**Stored data:**
==================================================
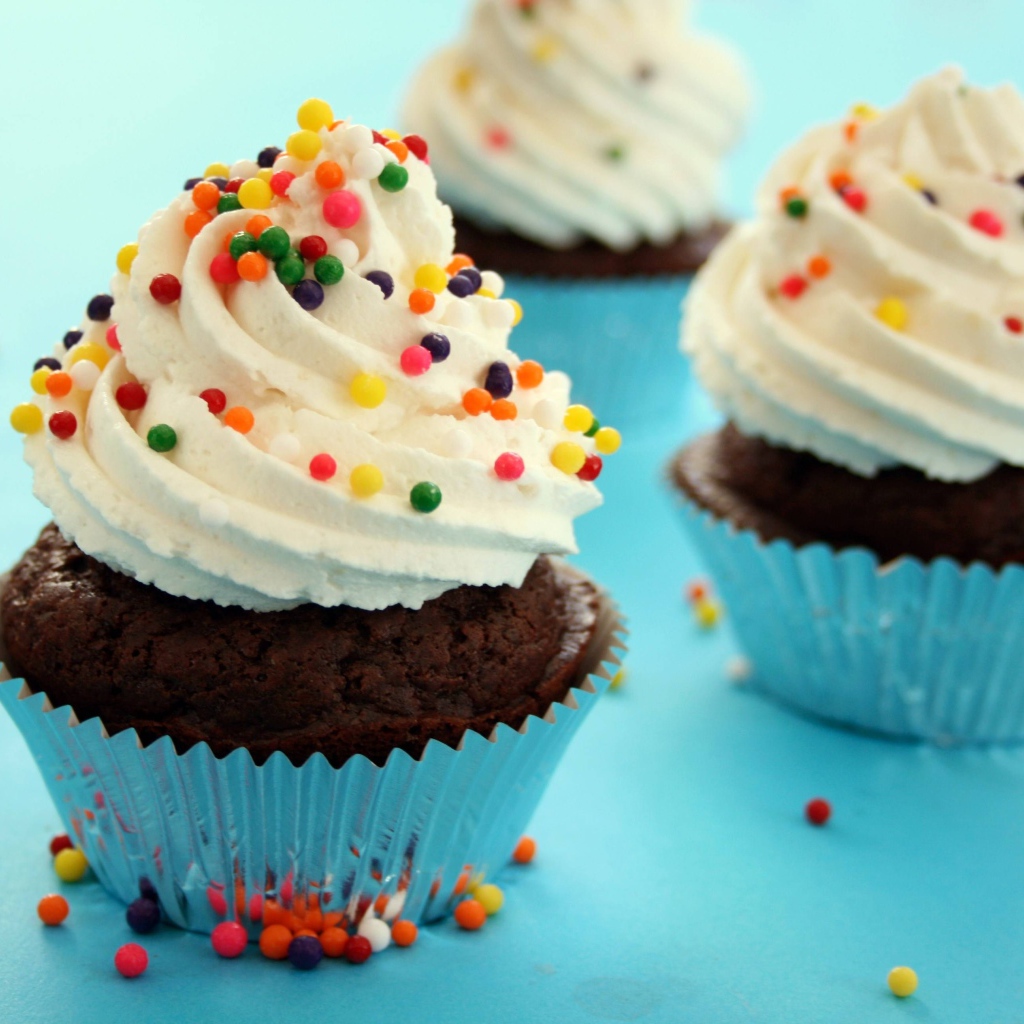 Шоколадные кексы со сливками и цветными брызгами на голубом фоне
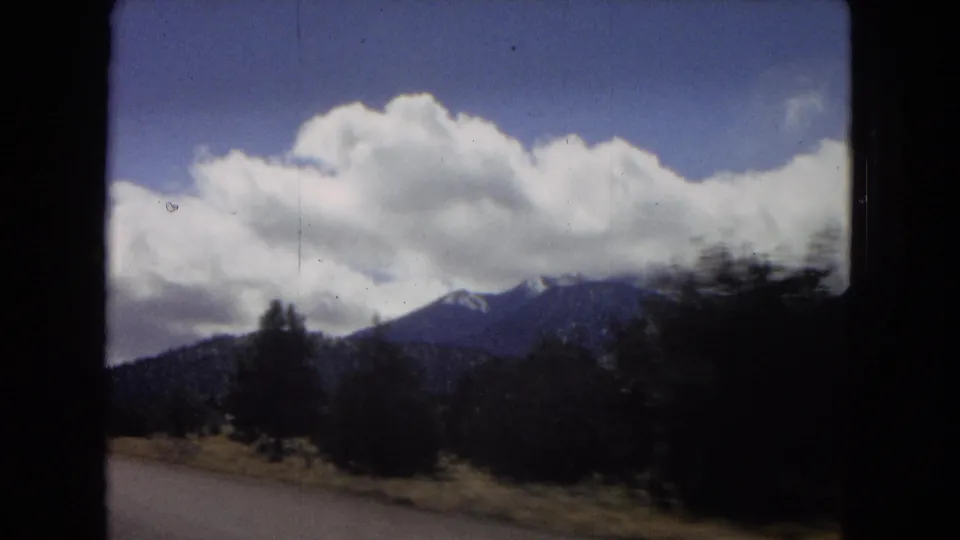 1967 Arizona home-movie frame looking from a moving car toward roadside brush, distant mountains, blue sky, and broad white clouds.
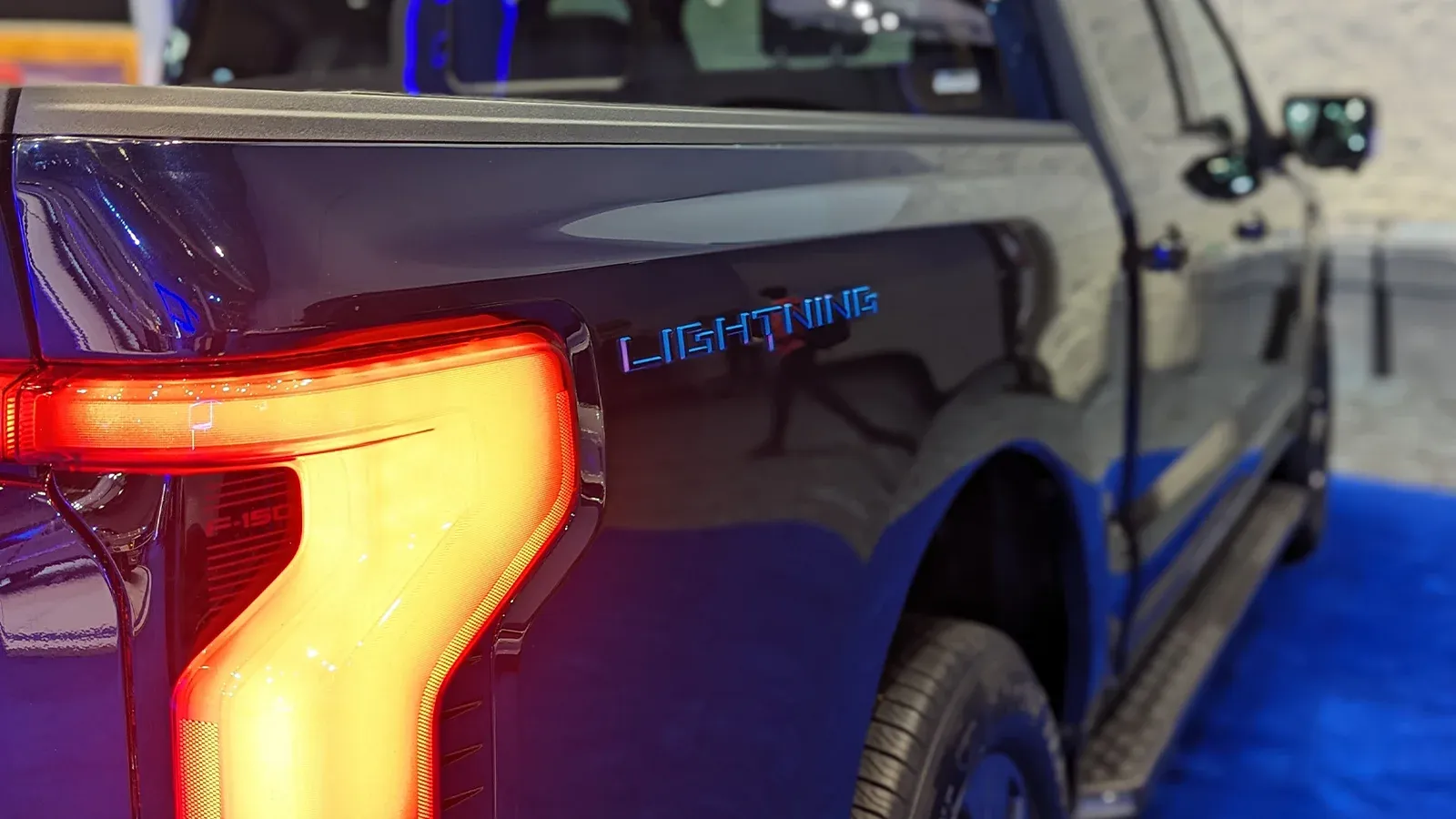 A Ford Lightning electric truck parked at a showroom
==================================================
**To do:** Look for the line that contains "1967 Arizona home-movie", then please copy it and the rest of the lines through the end of the data, pictures excluded.

**Solution for this task:**
 1967 Arizona home-movie frame looking from a moving car toward roadside brush, distant mountains, blue sky, and broad white clouds.
 A Ford Lightning electric truck parked at a showroom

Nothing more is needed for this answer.